_EXERCISE INPUTS_
________________

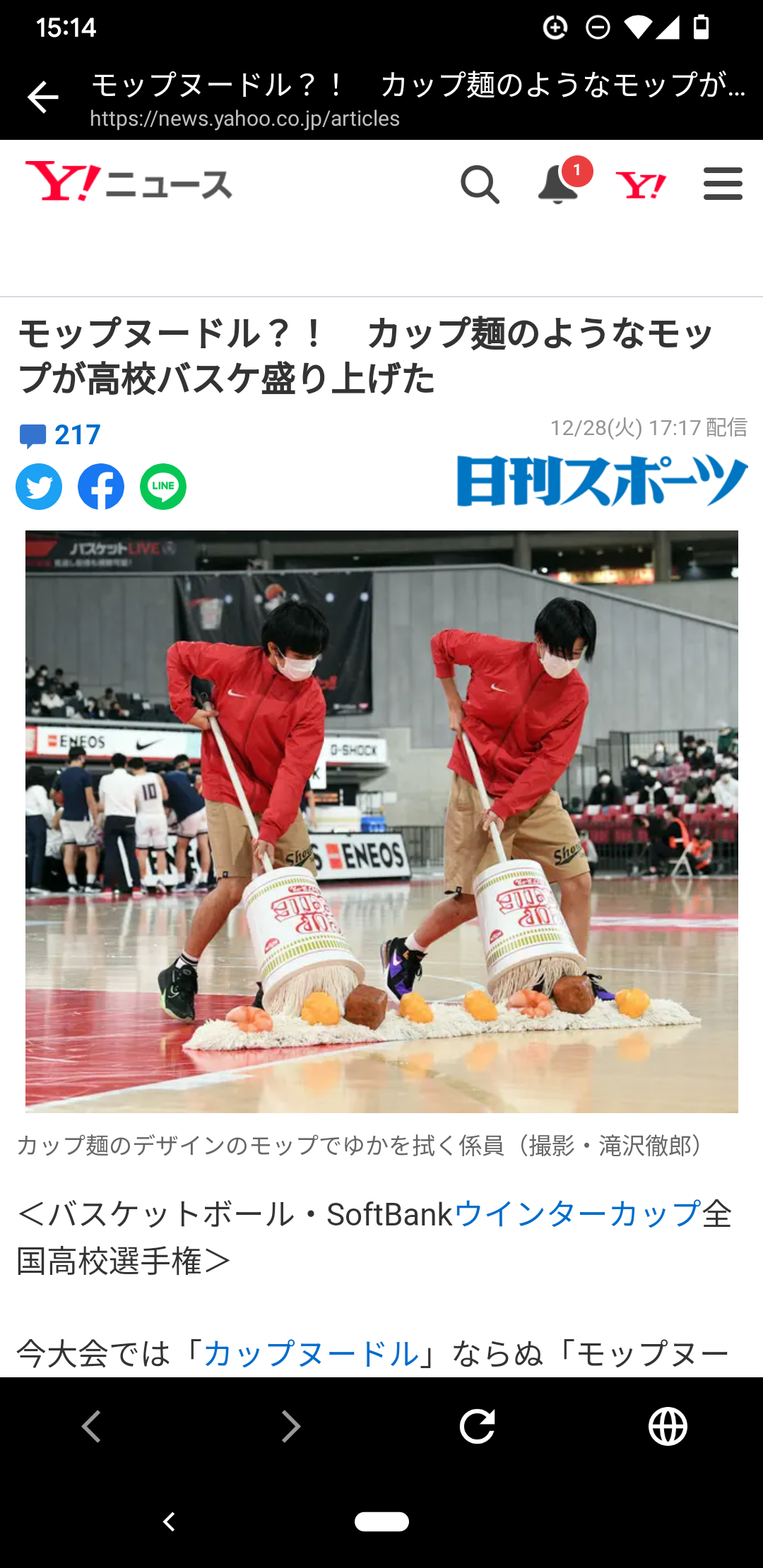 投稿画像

________________

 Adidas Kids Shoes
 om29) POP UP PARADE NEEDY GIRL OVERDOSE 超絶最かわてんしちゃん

________________

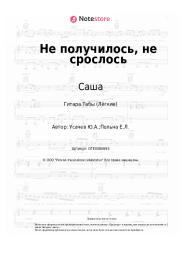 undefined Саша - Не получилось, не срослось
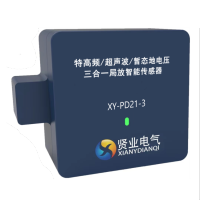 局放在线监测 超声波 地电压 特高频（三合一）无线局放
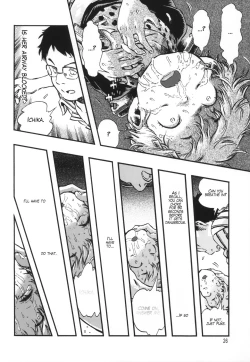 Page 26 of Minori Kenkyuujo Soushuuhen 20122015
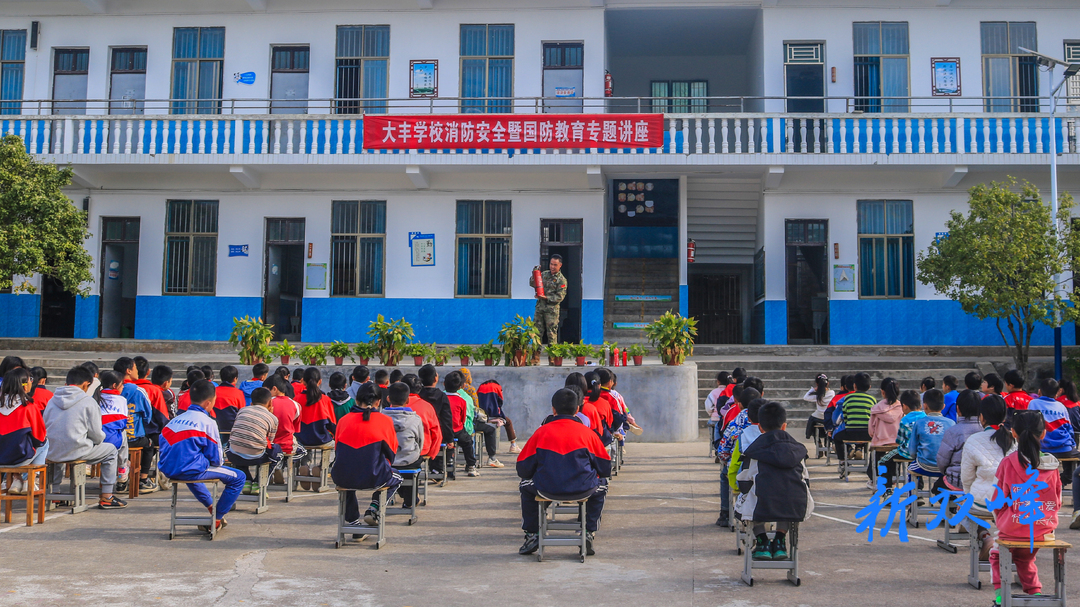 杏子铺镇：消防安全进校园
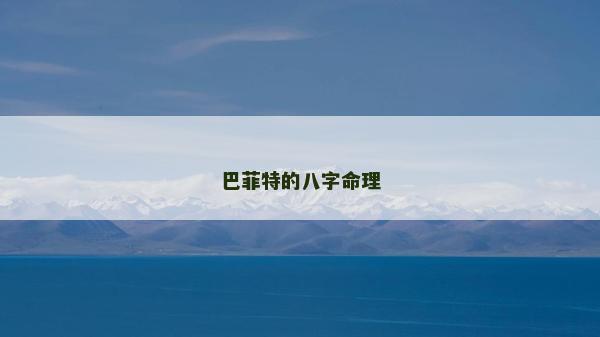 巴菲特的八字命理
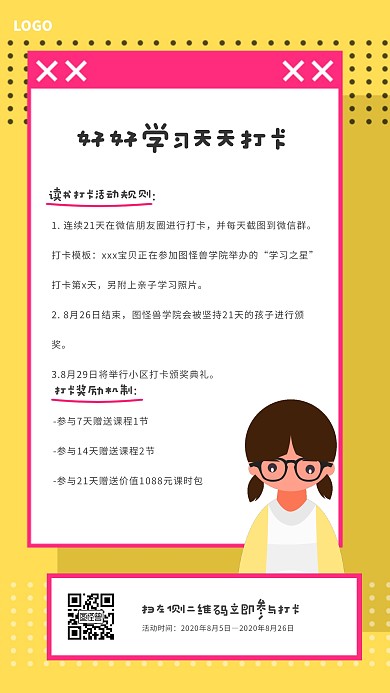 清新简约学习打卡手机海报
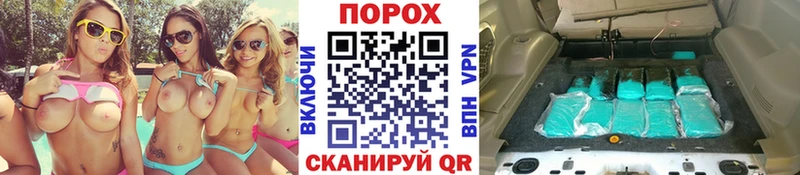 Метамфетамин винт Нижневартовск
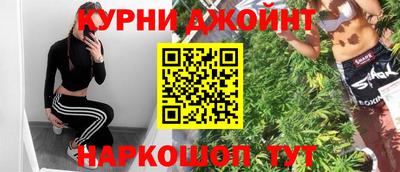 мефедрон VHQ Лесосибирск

________________

Using the listing above, copy exactly the line that contains "Adidas Kids Shoes", the line that contains "om29) POP UP", and each line that falls between them.

_RESPONSE AREA_
 Adidas Kids Shoes
 om29) POP UP PARADE NEEDY GIRL OVERDOSE 超絶最かわてんしちゃん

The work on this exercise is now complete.